◆ Data records

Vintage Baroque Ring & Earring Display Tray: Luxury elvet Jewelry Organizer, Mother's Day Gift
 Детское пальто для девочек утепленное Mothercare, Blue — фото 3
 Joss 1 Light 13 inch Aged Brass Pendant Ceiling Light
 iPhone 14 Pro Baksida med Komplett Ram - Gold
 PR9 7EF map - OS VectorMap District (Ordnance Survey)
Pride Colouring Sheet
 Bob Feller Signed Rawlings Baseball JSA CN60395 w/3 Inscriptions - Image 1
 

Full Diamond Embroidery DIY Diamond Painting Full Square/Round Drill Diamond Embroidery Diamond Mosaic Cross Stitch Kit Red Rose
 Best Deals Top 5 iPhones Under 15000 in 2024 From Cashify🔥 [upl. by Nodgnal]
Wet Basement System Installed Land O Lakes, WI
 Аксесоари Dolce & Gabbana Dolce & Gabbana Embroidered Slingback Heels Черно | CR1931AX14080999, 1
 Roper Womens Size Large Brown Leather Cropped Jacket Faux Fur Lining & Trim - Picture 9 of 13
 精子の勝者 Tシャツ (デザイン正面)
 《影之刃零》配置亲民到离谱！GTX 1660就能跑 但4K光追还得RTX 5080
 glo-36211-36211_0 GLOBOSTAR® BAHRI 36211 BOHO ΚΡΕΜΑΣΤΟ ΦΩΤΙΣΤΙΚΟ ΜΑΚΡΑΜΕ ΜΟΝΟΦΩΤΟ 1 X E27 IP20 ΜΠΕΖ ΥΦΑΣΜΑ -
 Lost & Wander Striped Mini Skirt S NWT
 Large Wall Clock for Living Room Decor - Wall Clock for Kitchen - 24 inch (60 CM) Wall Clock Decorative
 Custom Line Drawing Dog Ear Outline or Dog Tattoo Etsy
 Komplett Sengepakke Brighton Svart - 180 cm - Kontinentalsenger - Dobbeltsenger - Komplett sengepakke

◆ What you are asked to do
Exactly as shown above, return all of the entries.

◆ Response to the task
Vintage Baroque Ring & Earring Display Tray: Luxury elvet Jewelry Organizer, Mother's Day Gift
 Детское пальто для девочек утепленное Mothercare, Blue — фото 3
 Joss 1 Light 13 inch Aged Brass Pendant Ceiling Light
 iPhone 14 Pro Baksida med Komplett Ram - Gold
 PR9 7EF map - OS VectorMap District (Ordnance Survey)
Pride Colouring Sheet
 Bob Feller Signed Rawlings Baseball JSA CN60395 w/3 Inscriptions - Image 1
 

Full Diamond Embroidery DIY Diamond Painting Full Square/Round Drill Diamond Embroidery Diamond Mosaic Cross Stitch Kit Red Rose
 Best Deals Top 5 iPhones Under 15000 in 2024 From Cashify🔥 [upl. by Nodgnal]
Wet Basement System Installed Land O Lakes, WI
 Аксесоари Dolce & Gabbana Dolce & Gabbana Embroidered Slingback Heels Черно | CR1931AX14080999, 1
 Roper Womens Size Large Brown Leather Cropped Jacket Faux Fur Lining & Trim - Picture 9 of 13
 精子の勝者 Tシャツ (デザイン正面)
 《影之刃零》配置亲民到离谱！GTX 1660就能跑 但4K光追还得RTX 5080
 glo-36211-36211_0 GLOBOSTAR® BAHRI 36211 BOHO ΚΡΕΜΑΣΤΟ ΦΩΤΙΣΤΙΚΟ ΜΑΚΡΑΜΕ ΜΟΝΟΦΩΤΟ 1 X E27 IP20 ΜΠΕΖ ΥΦΑΣΜΑ -
 Lost & Wander Striped Mini Skirt S NWT
 Large Wall Clock for Living Room Decor - Wall Clock for Kitchen - 24 inch (60 CM) Wall Clock Decorative
 Custom Line Drawing Dog Ear Outline or Dog Tattoo Etsy
 Komplett Sengepakke Brighton Svart - 180 cm - Kontinentalsenger - Dobbeltsenger - Komplett sengepakke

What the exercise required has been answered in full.